Lahan gambut, seringkali dianggap sebagai lahan marginal yang tidak produktif, menyimpan rahasia besar yang dapat menentukan nasib planet kita.
Sebagai endapan organik yang terbentuk dari sisa-sisa tumbuhan yang membusuk dalam kondisi basah selama ribuan tahun, lahan gambut menjadi gudang karbon terbesar di dunia.
Namun, keseimbangan alam ini rentan terhadap gangguan manusia. Pencemaran udara, air, dan tanah akibat aktivitas industri dan domestik telah merusak ekosistem dan mengancam keberlangsungan hidup banyak spesies.
Selain itu, penggundulan hutan secara besar-besaran untuk kepentingan pertanian, perkebunan, dan pembangunan telah menyebabkan hilangnya habitat bagi flora dan fauna.
Dampak dari kerusakam lahan gambut telah menyebabkan pemanasan global, yang berdampak pada perubahan iklim ekstrem dan naiknya permukaan air laut.
Di sisi lain, lahan gambut sehat sangat berperan sebagai karbon sink, menyerap dan menyimpan karbon dioksida (CO2) dari atmosfer dalam jumlah yang sangat besar.
Proses pembentukan gambut yang lambat membuat karbon tersimpan dalam jangka waktu yang lama, jauh lebih lama dibandingkan hutan tropis di lahan mineral.
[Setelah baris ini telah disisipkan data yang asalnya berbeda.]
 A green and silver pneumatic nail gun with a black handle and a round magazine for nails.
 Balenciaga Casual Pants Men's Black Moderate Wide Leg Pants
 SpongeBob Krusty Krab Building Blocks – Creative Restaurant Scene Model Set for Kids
Dengan demikian, lahan gambut menjadi benteng pertahanan alami melawan perubahan iklim.
Sayangnya, dalam beberapa dekade terakhir, lahan gambut di seluruh dunia, termasuk Indonesia, mengalami degradasi yang signifikan.
Konversi lahan gambut menjadi lahan pertanian, perkebunan, atau pemukiman, serta kebakaran hutan yang sering terjadi, menyebabkan kerusakan parah pada ekosistem gambut.
Ketika lahan gambut dikeringkan dan teroksidasi, karbon yang tersimpan di dalamnya akan terlepas ke atmosfer sebagai CO2, mengubah lahan gambut dari karbon sink menjadi sumber emisi karbon terbesar.